_Work instructions:_ Those lines of the data that hold the word "Photo" are to be copied out.

_Input records:_
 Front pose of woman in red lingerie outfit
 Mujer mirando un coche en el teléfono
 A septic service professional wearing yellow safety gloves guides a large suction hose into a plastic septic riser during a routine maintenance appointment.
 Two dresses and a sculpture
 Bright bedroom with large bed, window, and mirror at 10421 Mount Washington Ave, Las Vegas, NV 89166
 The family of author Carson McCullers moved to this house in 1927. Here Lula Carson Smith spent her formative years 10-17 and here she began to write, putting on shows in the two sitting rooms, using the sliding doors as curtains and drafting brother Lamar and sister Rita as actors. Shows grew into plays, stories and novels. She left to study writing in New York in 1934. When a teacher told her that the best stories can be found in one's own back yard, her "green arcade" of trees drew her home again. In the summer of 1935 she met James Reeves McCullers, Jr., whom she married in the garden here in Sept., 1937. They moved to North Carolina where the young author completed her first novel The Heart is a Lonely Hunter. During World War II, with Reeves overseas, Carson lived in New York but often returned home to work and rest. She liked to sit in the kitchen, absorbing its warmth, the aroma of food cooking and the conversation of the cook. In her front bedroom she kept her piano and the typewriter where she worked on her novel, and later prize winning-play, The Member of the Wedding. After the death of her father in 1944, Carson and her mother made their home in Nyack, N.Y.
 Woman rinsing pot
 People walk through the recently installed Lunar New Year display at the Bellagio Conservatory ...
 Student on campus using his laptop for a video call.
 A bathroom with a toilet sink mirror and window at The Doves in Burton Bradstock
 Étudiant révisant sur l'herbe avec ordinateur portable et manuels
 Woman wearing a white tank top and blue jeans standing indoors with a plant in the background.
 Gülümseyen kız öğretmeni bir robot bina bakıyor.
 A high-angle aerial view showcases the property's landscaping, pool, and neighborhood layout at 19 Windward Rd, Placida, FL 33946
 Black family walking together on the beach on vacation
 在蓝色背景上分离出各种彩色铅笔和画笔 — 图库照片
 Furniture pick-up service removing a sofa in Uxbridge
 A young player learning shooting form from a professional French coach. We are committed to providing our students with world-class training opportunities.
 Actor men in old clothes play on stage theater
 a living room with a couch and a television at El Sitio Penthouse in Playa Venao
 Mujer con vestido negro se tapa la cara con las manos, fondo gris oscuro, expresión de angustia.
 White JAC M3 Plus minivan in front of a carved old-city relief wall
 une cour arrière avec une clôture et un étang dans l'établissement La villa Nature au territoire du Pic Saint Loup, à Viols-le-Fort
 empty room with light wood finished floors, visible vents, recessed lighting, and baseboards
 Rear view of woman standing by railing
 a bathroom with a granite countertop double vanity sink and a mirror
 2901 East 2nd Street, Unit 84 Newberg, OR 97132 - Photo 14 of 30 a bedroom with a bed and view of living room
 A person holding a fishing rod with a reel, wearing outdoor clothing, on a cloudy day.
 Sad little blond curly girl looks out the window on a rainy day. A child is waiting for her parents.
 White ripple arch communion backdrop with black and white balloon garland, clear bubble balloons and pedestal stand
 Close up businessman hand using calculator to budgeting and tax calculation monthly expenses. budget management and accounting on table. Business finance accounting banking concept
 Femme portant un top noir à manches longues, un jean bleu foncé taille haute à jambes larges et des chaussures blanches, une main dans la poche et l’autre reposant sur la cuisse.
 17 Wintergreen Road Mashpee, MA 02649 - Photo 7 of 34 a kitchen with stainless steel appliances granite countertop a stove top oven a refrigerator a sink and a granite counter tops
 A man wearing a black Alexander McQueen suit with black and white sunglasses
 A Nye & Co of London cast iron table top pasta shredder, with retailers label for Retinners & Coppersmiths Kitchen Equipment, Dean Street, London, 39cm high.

_Reply:_
 2901 East 2nd Street, Unit 84 Newberg, OR 97132 - Photo 14 of 30 a bedroom with a bed and view of living room
 17 Wintergreen Road Mashpee, MA 02649 - Photo 7 of 34 a kitchen with stainless steel appliances granite countertop a stove top oven a refrigerator a sink and a granite counter tops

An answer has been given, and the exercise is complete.